Galveston: Between Wind And Water (A Historical Literary Fiction Novel Filled with Romance and Drama) (2 page)

Bret gritted his teeth. Scared and humiliated, he trembled more with anger than fear. He was not going to let these men hurt his mother. He dug his hand into the pocket of his torn knickerbockers.

Boland unbuckled his gun belt and handed it to Haines. “You’re a smart woman, Mrs. McGowan. Kinda high ’n’ mighty with your nose up when you passed me on the street. Guess you don’t cotton much to half-breeds, but I wanted to give you a chance, anyways.”

Ragget approached Boland and spoke with slurred speech. “Gus is still green. Don’t you think we should let him have a go first? They ain’t got much spirit left after we’ve finished with ’em.”

“Maybe he’s right, Captain,” Haines said. “Let’s see what our bright boy can do. ’Sides, only quim he’s ever had is on the backside of a heifer.”

Captain Boland chucked his head back and laughed. The men slapped each other’s shoulders and howled like drunken fools. Even Gus grinned at his own ridicule.

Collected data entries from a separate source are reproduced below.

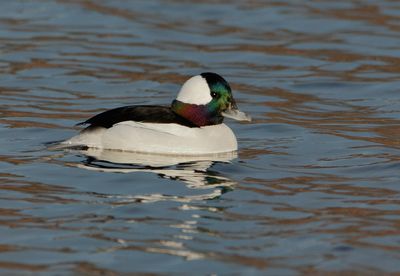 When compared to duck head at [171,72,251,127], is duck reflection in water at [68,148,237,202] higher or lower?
lower

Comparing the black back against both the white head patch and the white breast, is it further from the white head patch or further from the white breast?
the white head patch

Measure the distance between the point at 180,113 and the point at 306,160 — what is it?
1592mm

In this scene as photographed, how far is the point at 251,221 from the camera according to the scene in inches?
402

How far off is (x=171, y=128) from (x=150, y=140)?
0.28 meters

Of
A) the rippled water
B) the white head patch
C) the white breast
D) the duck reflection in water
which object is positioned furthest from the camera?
A: the white head patch

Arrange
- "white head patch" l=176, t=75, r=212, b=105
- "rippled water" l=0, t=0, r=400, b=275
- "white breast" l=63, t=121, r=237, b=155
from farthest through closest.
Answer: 1. "white head patch" l=176, t=75, r=212, b=105
2. "white breast" l=63, t=121, r=237, b=155
3. "rippled water" l=0, t=0, r=400, b=275

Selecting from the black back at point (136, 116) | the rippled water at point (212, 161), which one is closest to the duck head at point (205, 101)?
the black back at point (136, 116)

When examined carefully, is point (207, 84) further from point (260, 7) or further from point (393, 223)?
point (260, 7)

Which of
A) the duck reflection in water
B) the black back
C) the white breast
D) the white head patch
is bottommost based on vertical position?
the duck reflection in water

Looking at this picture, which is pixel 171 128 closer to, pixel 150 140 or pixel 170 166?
pixel 150 140

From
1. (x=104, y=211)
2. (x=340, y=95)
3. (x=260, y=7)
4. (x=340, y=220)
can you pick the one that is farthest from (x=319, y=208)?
(x=260, y=7)

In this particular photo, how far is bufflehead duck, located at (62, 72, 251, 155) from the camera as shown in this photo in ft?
42.5

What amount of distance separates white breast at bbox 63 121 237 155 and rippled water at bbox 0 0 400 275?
1.02 ft

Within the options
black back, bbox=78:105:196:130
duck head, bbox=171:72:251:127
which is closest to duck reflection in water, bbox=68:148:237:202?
black back, bbox=78:105:196:130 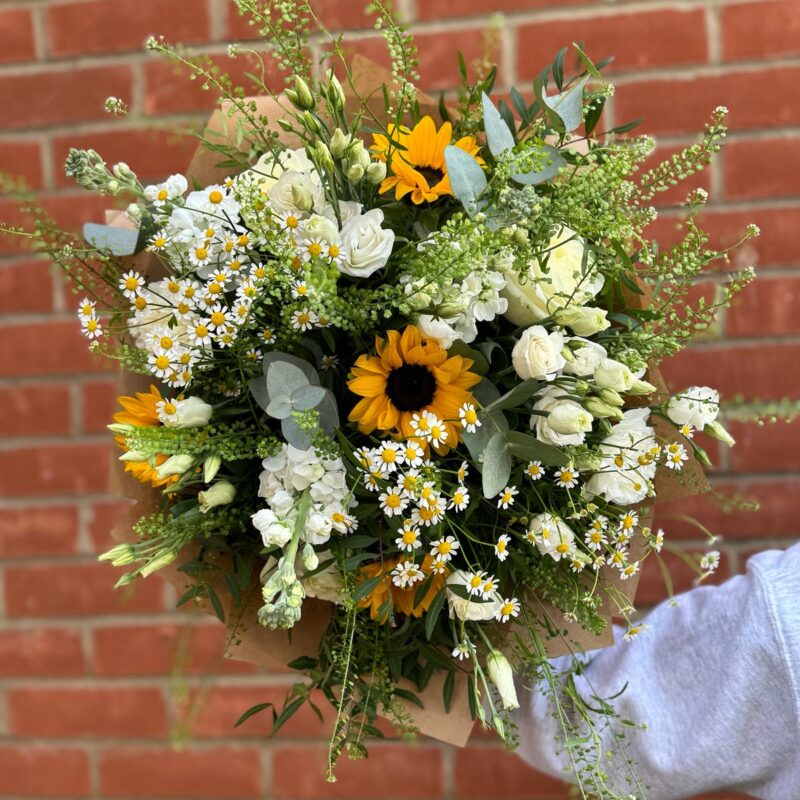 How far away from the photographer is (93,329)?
57 centimetres

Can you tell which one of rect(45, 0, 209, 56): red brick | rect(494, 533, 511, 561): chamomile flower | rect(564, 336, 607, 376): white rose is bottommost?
rect(494, 533, 511, 561): chamomile flower

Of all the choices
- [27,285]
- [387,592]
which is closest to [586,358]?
[387,592]

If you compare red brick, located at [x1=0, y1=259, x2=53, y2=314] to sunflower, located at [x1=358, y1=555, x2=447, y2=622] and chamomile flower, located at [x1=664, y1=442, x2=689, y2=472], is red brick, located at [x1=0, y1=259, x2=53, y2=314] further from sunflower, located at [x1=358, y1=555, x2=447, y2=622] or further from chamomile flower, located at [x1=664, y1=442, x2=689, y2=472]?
chamomile flower, located at [x1=664, y1=442, x2=689, y2=472]

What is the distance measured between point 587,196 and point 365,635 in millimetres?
378

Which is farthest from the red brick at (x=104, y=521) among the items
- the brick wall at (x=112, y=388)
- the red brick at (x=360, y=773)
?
the red brick at (x=360, y=773)

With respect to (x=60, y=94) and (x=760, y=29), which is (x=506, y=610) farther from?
(x=60, y=94)

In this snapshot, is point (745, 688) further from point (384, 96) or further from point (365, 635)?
point (384, 96)

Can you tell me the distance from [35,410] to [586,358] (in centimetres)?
80

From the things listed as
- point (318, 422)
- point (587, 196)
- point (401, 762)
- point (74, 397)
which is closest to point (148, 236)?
point (318, 422)

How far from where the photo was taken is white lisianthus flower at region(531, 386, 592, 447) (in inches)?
21.2

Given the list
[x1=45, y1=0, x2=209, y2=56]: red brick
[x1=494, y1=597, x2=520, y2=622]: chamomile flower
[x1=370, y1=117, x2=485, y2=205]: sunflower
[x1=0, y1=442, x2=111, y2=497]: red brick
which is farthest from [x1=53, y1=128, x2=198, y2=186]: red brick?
[x1=494, y1=597, x2=520, y2=622]: chamomile flower

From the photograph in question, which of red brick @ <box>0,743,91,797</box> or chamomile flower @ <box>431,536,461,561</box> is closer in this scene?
chamomile flower @ <box>431,536,461,561</box>

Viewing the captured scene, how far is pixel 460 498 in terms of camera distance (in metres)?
0.55

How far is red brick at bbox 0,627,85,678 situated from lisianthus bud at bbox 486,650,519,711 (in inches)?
28.5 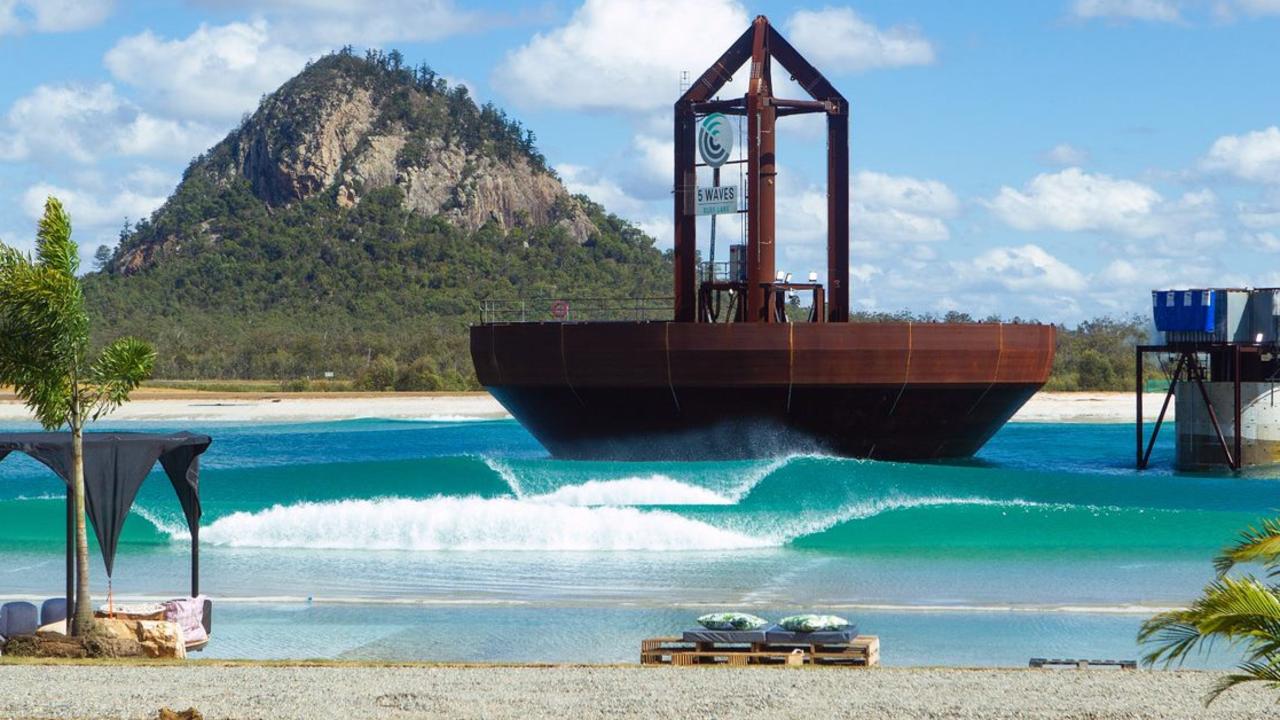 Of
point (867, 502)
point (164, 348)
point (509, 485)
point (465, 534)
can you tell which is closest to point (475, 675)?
point (465, 534)

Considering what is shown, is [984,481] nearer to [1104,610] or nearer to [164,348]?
[1104,610]

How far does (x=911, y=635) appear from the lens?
1689cm

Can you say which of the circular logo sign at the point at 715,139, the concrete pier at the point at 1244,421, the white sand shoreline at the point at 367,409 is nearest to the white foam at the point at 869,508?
the circular logo sign at the point at 715,139

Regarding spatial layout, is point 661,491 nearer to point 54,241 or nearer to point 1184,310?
point 1184,310

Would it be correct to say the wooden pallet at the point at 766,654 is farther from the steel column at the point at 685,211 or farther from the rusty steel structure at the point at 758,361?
the steel column at the point at 685,211

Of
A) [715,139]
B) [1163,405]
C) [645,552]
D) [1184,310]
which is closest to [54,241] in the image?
[645,552]

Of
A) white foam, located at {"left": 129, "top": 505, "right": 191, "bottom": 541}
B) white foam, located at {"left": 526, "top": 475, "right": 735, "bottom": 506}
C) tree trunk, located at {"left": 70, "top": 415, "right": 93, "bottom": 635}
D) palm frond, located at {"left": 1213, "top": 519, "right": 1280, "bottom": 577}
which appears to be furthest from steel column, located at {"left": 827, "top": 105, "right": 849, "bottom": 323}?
palm frond, located at {"left": 1213, "top": 519, "right": 1280, "bottom": 577}

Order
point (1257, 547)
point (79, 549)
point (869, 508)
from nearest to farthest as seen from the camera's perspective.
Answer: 1. point (1257, 547)
2. point (79, 549)
3. point (869, 508)

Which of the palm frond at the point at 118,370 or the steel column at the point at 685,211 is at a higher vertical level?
the steel column at the point at 685,211

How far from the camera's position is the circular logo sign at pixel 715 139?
3366 centimetres

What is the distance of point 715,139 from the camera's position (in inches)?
1326

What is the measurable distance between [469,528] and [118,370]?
12.9 m

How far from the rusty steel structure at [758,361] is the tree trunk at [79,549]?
691 inches

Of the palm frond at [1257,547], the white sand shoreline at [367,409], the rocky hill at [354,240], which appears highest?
the rocky hill at [354,240] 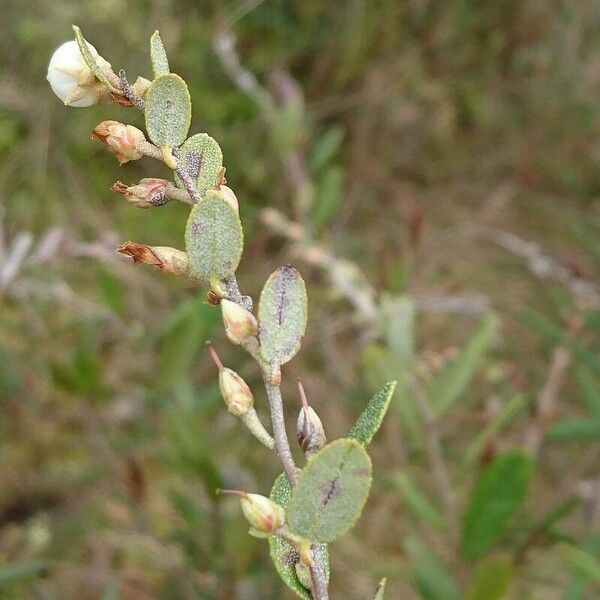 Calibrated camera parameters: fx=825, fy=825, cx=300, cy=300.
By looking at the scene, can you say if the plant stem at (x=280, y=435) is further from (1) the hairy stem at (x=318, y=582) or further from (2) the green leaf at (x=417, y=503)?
(2) the green leaf at (x=417, y=503)

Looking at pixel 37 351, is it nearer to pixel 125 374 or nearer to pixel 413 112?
pixel 125 374

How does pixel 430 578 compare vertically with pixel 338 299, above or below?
below

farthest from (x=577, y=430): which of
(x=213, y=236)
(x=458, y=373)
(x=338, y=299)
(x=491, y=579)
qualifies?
(x=213, y=236)

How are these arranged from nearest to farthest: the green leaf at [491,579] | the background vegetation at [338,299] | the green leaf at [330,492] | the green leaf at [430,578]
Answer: the green leaf at [330,492] → the green leaf at [491,579] → the green leaf at [430,578] → the background vegetation at [338,299]

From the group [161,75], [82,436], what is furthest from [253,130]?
[161,75]

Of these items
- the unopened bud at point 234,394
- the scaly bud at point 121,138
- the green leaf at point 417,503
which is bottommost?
the unopened bud at point 234,394

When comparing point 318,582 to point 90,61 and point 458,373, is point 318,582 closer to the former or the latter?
point 90,61

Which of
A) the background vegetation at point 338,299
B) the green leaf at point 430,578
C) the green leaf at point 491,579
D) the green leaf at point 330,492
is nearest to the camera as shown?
the green leaf at point 330,492

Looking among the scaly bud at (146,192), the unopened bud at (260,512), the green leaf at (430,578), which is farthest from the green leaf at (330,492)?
the green leaf at (430,578)

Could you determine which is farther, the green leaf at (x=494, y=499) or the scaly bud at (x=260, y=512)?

“All right, get up here, boy. I like to know what a man’s made of if he rides in my company. Don’t be bashful. The sofa over there will do just fine.”

The pale youth cringed. “No . . . no, sir. Thank you. I don’t much feel like it.”

“What’s that, boy?” Boland grinned like a wolf about to pounce.

The young man’s sullen eyes grew more intense. “If she’s been with coloreds or other men, there’s a chance I could catch something. The war spreads the pox like wildfire.”

The others fell quiet and glanced at each other.

Lorena closed her eyes and took a deep breath. She quietly thanked the strange young man for exposing his fear. Let them think what they wanted about her character if the lie would stop them from laying their filthy hands on her or Bret.

Haines scratched the side of his face. “Damned if I’ll admit it, but maybe he’s right for once. Heard a man can go crazy from the pox if’n it’s real bad. Eats up your brain like maggots on horse meat.”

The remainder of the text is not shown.